The legislation would aid 1.4 million — and counting — long-term jobless workers.  There are so many jobless that if they stood shoulder-to-shoulder, the line “would stretch from here to Lincoln, Neb.,” Rep. Sander Levin, D-Mich., said.

Senators planned to pass the jobless benefits extension after a GOP filibuster to kill it failed on Jan. 7.   The benefits, retroactive to Dec. 28, would give the average jobless worker several hundred dollars per check, after their state benefits, 20 weeks to 26 weeks’ worth depending on their state’s law, expired.

“The job market is pretty cold and freezing out there” for the long-term unem-ployed, Trumka told the room packed with print and video reporters and jobless workers.  “Most hard-working Americans – bus drivers, teachers, construction workers, police officers – are one layoff or one downturn away from real economic disaster.

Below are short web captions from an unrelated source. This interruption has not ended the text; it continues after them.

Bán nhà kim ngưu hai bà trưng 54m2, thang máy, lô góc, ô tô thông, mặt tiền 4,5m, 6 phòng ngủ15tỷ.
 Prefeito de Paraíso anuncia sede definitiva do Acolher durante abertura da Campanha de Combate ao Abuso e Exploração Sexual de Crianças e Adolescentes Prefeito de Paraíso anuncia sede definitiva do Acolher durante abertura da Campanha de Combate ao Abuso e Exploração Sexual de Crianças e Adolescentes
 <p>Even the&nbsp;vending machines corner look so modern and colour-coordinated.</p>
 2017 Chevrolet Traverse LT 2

The jobless have already suffered that disaster “and they want to work,” he declared.  “It’s up to us to make their hard times a little easier” in “a recession” caused by Wall Street greed “that goes on and on and on.”

The jobless workers are taking their stories to lawmakers both on Capitol Hill and at home, AFL-CIO Legislative Director Bill Samuel said.  That includes 2,000 calls per day, constant e-mails, contacts by AFL-CIO state fed leaders, and visits to lawmakers’ district offices.  Whether the ruling House GOP is listening is another matter.

In opening comments the day before on the House floor, the common Republican refrain was pious pronouncements that they want to aid the jobless, but that the $6.4 billion cost of sending out the checks for three months must be paid for by killing the “individual mandate” of the 2010 Affordable Care Act, the health care law.